Resumption of contacts (source subheading)

Previous G8 summits approved grand projects, such as, for example, the global partnership for the prevention of the nuclear threat (Global Partnership Against the Spread of Weapons and Materials of Mass Destruction), under which large sums were allocated and spent on all things concerning the security of nuclear materials and technologies, Arbatov recalled.

“That is in fact what the G8 became famous and went down in history for. At the current summit, many events and contacts were planned. This is generally the resumption of things that were interrupted, including the Nunn-Lugar (Cooperative Threat Reduction) Programme, which, it was decided, would continue. It is a positive step – the resumption of interrupted contacts at various levels, including meetings in the format of foreign and defence ministers, including the resumption of contacts at the level of the Russian prime minister and the US vice-president.

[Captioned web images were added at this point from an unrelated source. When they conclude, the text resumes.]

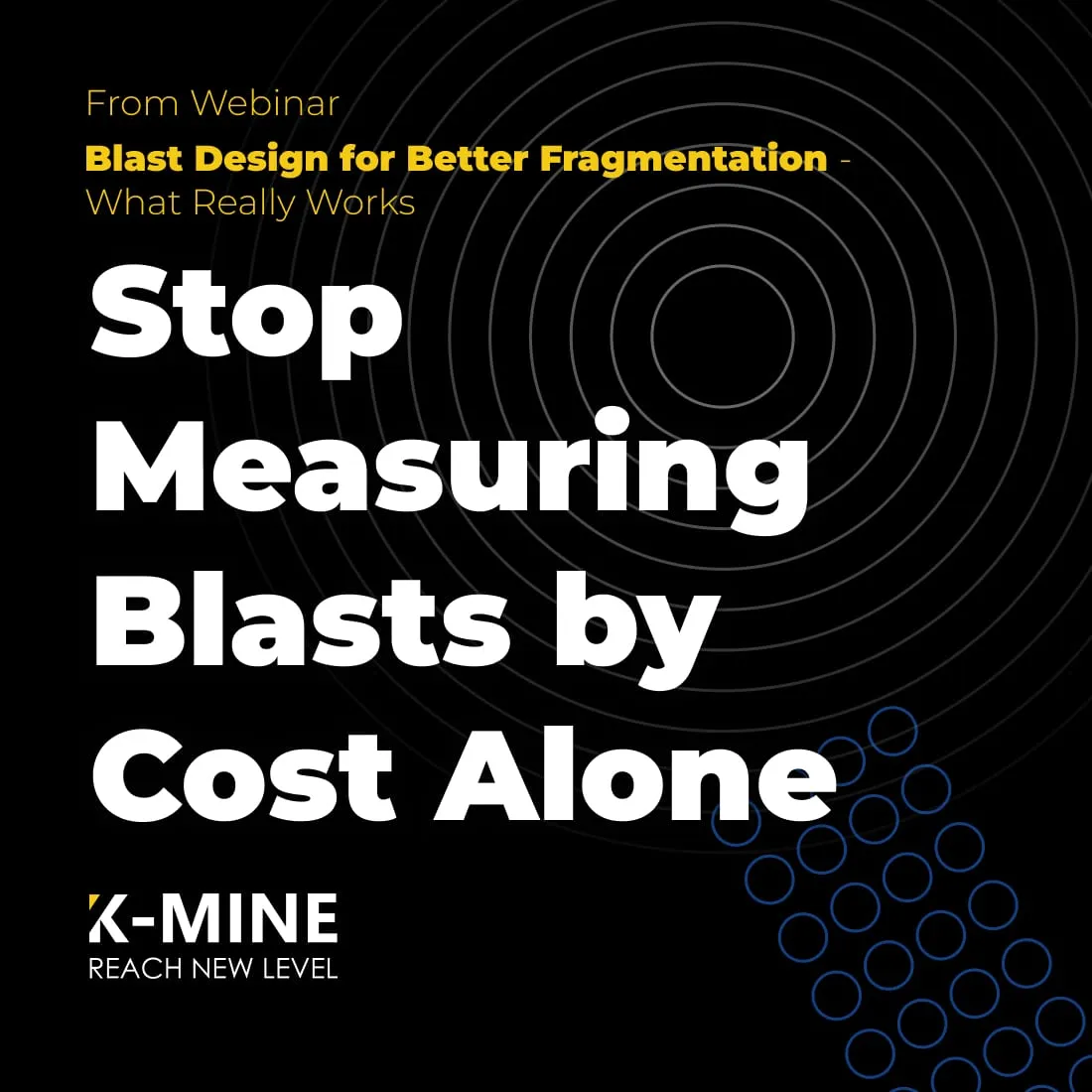 Stop Measuring Blasts by Cost Alone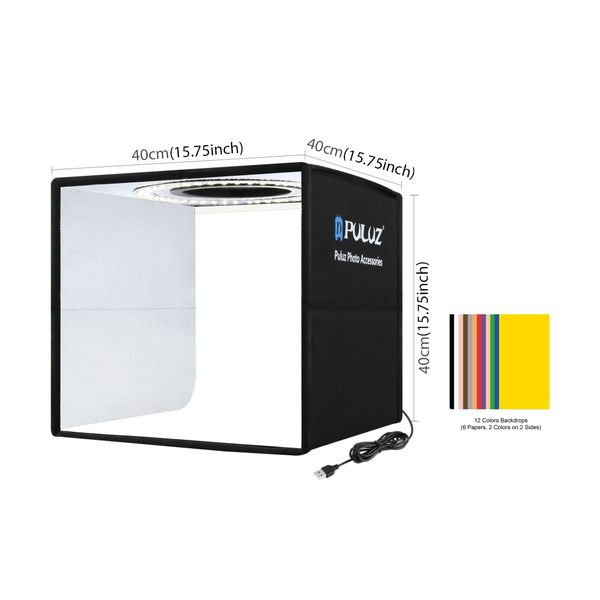 PULUZ 40cm Foldable USB LED Ring Light Studio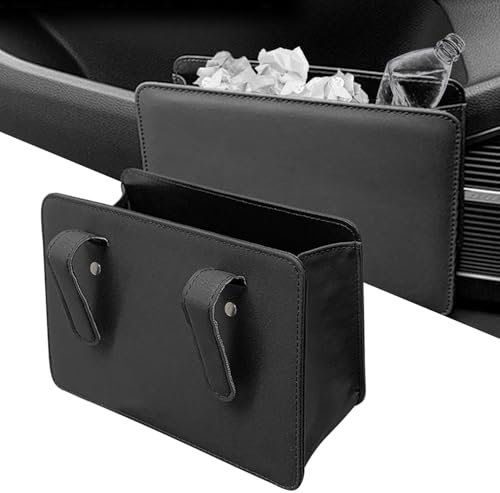 Norhogo Foldable Car Organiser Bin for Car Door, Multipurpose Car Trash can, Truck Trash Can, Small Van Bin Tidy with Hooks and a roll of garbage bags, Easy to Hang For Cars/Suvs/Trucks/Vans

All of these are positive shifts, but they should not be overestimated. This is a little step towards returning to the level of cooperation that existed earlier,” the expert said.

Cyber security initiatives (source subheading)

Among the G8’s new initiatives, the experts noted proposals concerning cyber security and the speedy sharing of information in emergencies.

In Karaganov’s opinion, due to the new wave of the technological revolution, many security parameters are changing.

“Cyber attacks may become in some way similar to weapons of mass destruction. Once one country, groups of countries or even third players are capable of bringing down the economy in that way, it will mean mass casualties among civilians and the collapse of modern society,” said Karaganov, who cited the example of China, where some specialists have seriously been discussing the use of a massive cyber attack as a method of deterring a possible attack by the USA.

“We are entering a completely new world, which we do not fully know or understand. That is why the agreement between Putin and Obama on confidence measures in cyberspace may bring us closer to being capable of deterring attacks at least by third players or dealing with their consequences,” Karaganov is convinced.

However, these agreements, as well as the proposals for the speedy sharing of information in emergencies, have largely symbolic significance at present, the experts believe.

“It sounds good, but it is not yet clear what specifically this will lead to. Of course, cooperation against terrorism is an important area, but everything is classified there, so we do not know whether there will be more or less cooperation there,” Arbatov said.